German myopia puts euro at risk
The thrust of the article was that the problems besetting the eurozone are exclusively a consequence of profligacy and corruption among periphery countries. The only solution is to be virtuous and fiscally responsible like Germany. There is some truth in what Mr Stark has to say. But the piece is much more interesting for what he does not say.
After both world wars in the last century, respective German governments lobbied hard and were granted debt forgiveness on the basis that lumbering any country with unsustainable debt obligations created the potential for a very destabilising backlash.
Indeed, Germany was the biggest serial defaulter of the 20th century. Moreover, Berlin ran a fiscal deficit during the entire period in the early and mid-2000s that the ‘Hartz reforms’ were being implemented.
These labour market reforms combined with other structural reforms were aimed at breathing life into a very weak economy.
The ECB also did its bit for Germany by keeping interest rates at low levels for a protracted period. The result was to cause massive asset price inflation in periphery eurozone countries.
German financial institutions played their part in stoking property bubbles, particularly in Ireland and Spain. However, German chancellor Angela Merkel and finance minister Wolfgang Schauble have been very prescriptive about what should be done since the crisis erupted: restore fiscal rectitude at the same time as implementing structural reforms and absolutely no debt forgiveness.
Berlin has also opposed more aggressive ECB action aimed at preventing the region collapsing into a debt deflationary spiral.
It is difficult to discern whether the German government realise the country is part of a monetary union.
If Germany had followed its own advice for much of the last century and the early part of the last decade, it would now be an economic wasteland. Yet this is a narrative that is conveniently ignored. But then again, the eurozone has to learn how to pay its way.
The Greek economy is not in crisis because of imposed austerity policies.

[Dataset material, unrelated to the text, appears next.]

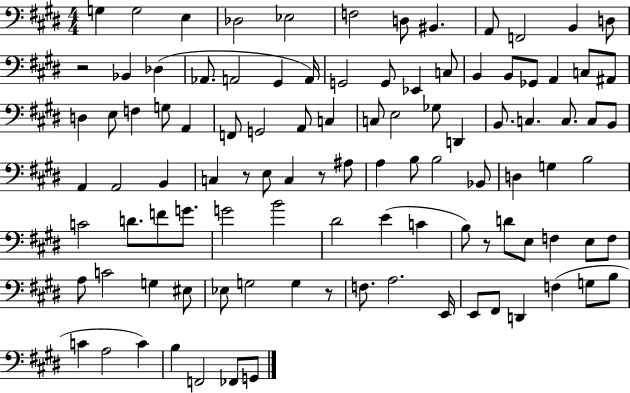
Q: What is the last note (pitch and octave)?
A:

Tax dodging, chronically low levels of competitiveness and fiddling the national accounts among other factors caused Greece to lose its economic sovereignty.
The Commission, as well as the other Eurozone member states, are right to insist Athens proceeds with painful but very necessary reforms.
It is highly likely that a deal will be hammered out over the coming weeks that will keep Greece in the euro. But the bigger question remains: what level of solidarity should be provided to assist member states as they look to restructure their economies?
As it stands, populist far left and far right parties are emerging throughout the eurozone.
The euro has survived thus far because 11th-hour patchwork solutions were cobbled together at the dizzying number of adhoc EU summits convened over the past six years. But success was predicated at all times on all parties wanting to maintain monetary union.
What happens when an anti-immigrant, anti EU party, such as Le Front National in France, form a government. It will be much harder to achieve the compromise needed to stave off the euro’s day of reckoning.
The best scenario for the future of the euro is that the combined effects of the ECB’s €1.1trn quantitative easing programme and the EU Commission’s €315bn investment programme triggers a bout of sustained growth in the eurozone.
This enables the political centre to re-establish its grip on power. Member states then agree to move to closer fiscal and political integration that ensures the monetary union prospers over the longer term. This seems unlikely. Instead the policy of muddling through will be maintained.
As long as unemployment and debt remain at elevated levels and growth is constrained, then political unrest will keep fomenting. One thing is for sure, there will be plenty more subplots before the great eurozone denouement is reached.